For one hundred and fifty years now the Germans and the Japanese had uneasily eyed each other across the banks of the Mississippi. Their orators were fond of referring to that river as a vast frontier unblemished by a single fortification. There was even some interpenetration; a Japanese colony fished out of Nova Scotia on the very rim of German America; a sulfur mine which was part of the Farben system lay in New Mexico, the very heart of Japanese America—

this was where Dr. Edward Royland found himself, being lectured to by Dr. Piqueron, Dr. Gaston Pierre Piqueron, true-blue German.

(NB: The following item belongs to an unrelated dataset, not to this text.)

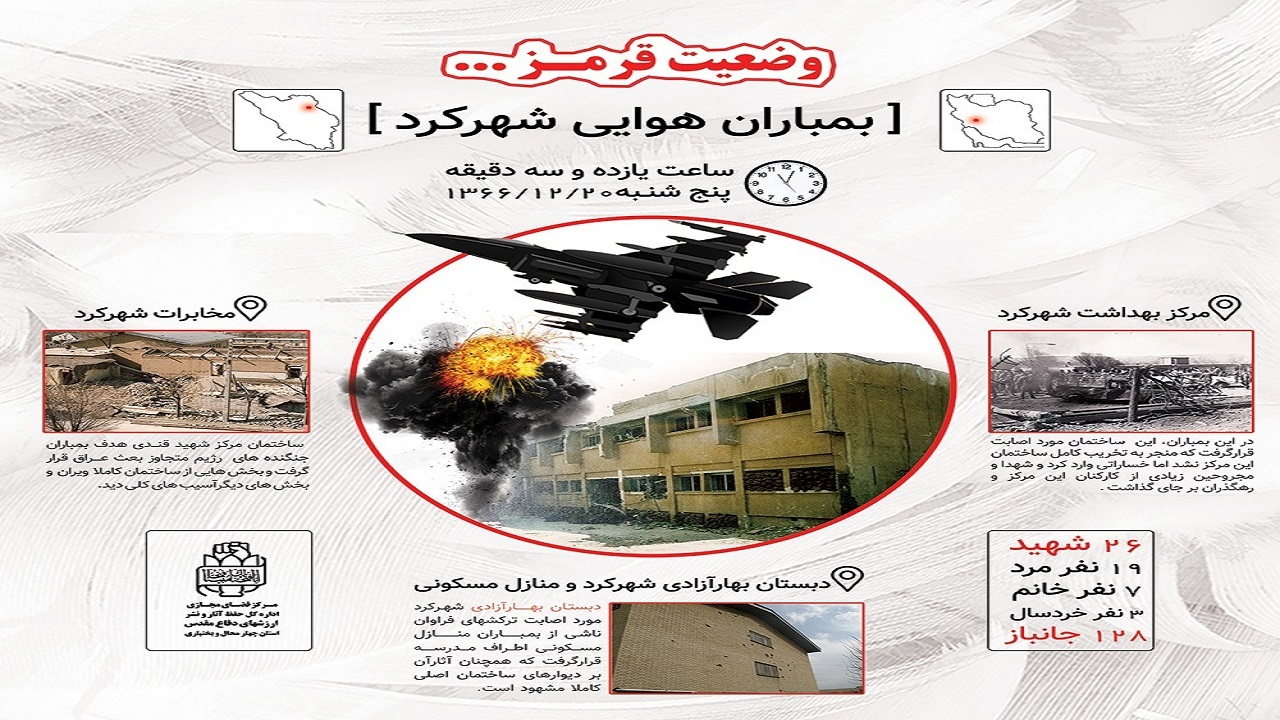 پنجشنبه خونین شهرکرد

"Here, of course," Dr. Piqueron said gloomily, "we are so damned provincial. Little ceremony and less manners. Well, it would be too much to expect them to assign German Germans to this dreary outpost, so we French Germans must endure it somehow."

"You're all French?" Royland asked, startled.

"French Germans," Piqueron stiffly corrected him. "Colonel Biederman happens to be a French German also; Major Kappel is—hrrmph—an Italian German." He sniffed to show what he thought of that.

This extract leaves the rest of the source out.